For those of you who believe being beautiful is only for the good-looking, know that you are not alone. As a child, I was a tomboy who didn't give a second thought to what people thought about me, or what my appearance was like. I wish I still had the luxury to be ignorant of these things. When I hit puberty, my chubby child body started to grow into a taller, slender version of my original look. And I loved it. But after the initial shock of my transformation was over, I started to criticize my body and face for not looking the way I wanted them to. For not being the generic definition of ‘beautiful’. I still criticize myself a lot, but I have come a long way after only a few short years as a teen. I am more aware of the fact that being perfect is boring, and that being myself is awesome. As soon as I stop obsessing, I feel free to be me and find myself. I’m sure many of you have similar tales, and that a lot of you know that being obsessed with how you look is normal and one of the many downsides of hormones.

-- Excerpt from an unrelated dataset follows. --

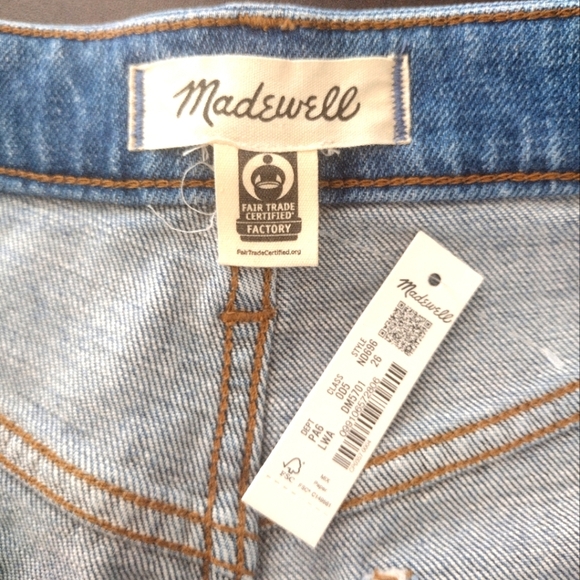 Madewell High Rise Denim Shorts - Picture 7 of 8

But don’t let the dark side of beauty take over your life. After all, it’s a stupid word, but a beautiful feeling.

Now I ask you a question with a million answers; what is ‘beauty’? What does it really mean to be ‘beautiful’? Does it apply to how you look? How you dress? Both? Or is being beautiful more of a feeling then a characteristic? Is it a feeling that fills you up? Like it’s being poured into you slowly, by some unseen being, and you just know that you are beautiful as soon as it reaches the top. That you are gorgeous , and the beauty is oozing out of your pores, turning heads as you walk (or should I say strut) past. A feeling that makes you glow with happiness, and shine with confidence. I like to think that’s the real definition of beauty, instead of the obvious definition. It’s a deeper, hopeful meaning to such an ugly word. A meaning that anyone and everyone can be part of. A meaning that I hope everyone will soon realize, is the true definition of ‘beauty’.


The author's comments:
This piece is for everyone who feels like they aren't beautiful. Just know that you are.